Information supplied:
↓↓↓

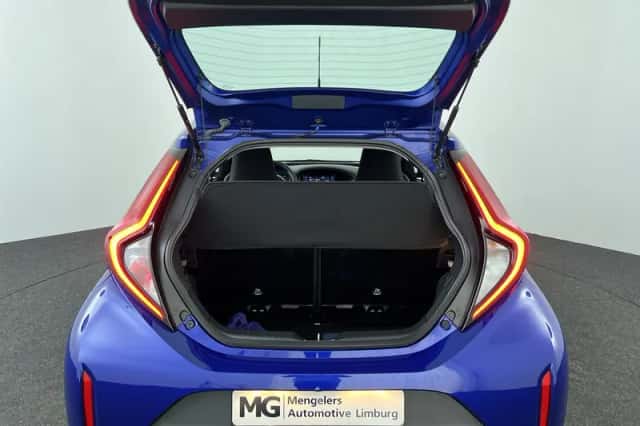 Toyota Aygo X (2023) thumbnail 25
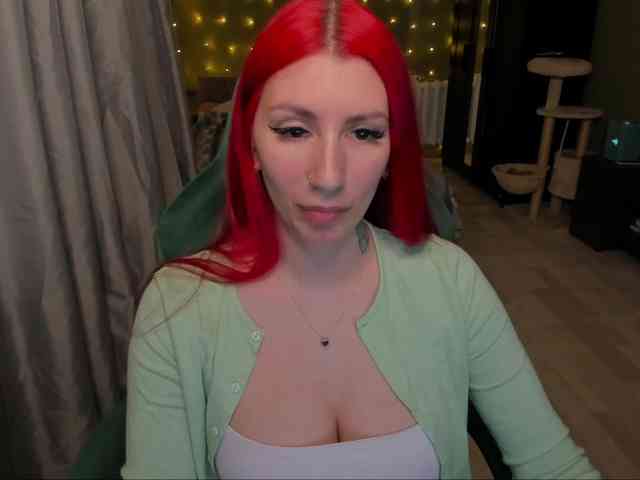 Girlfromanothercity webcam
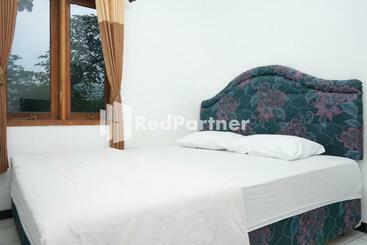 هتل Villa Handayani Songgoriti Redpartner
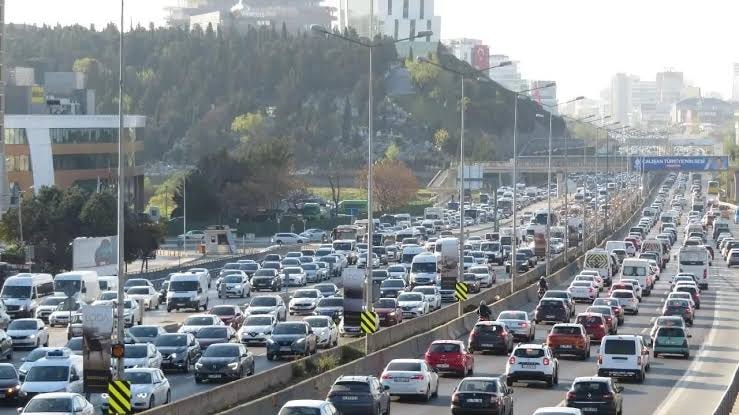 Gurbetçilere yabancı plakalı araçta yeni dönem: İki bakanlık düzenleme yaptı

↑↑↑

Your objective: Every line above is to be duplicated exactly; no picture should be carried over.

Output:
 Toyota Aygo X (2023) thumbnail 25
 Girlfromanothercity webcam
 هتل Villa Handayani Songgoriti Redpartner
 Gurbetçilere yabancı plakalı araçta yeni dönem: İki bakanlık düzenleme yaptı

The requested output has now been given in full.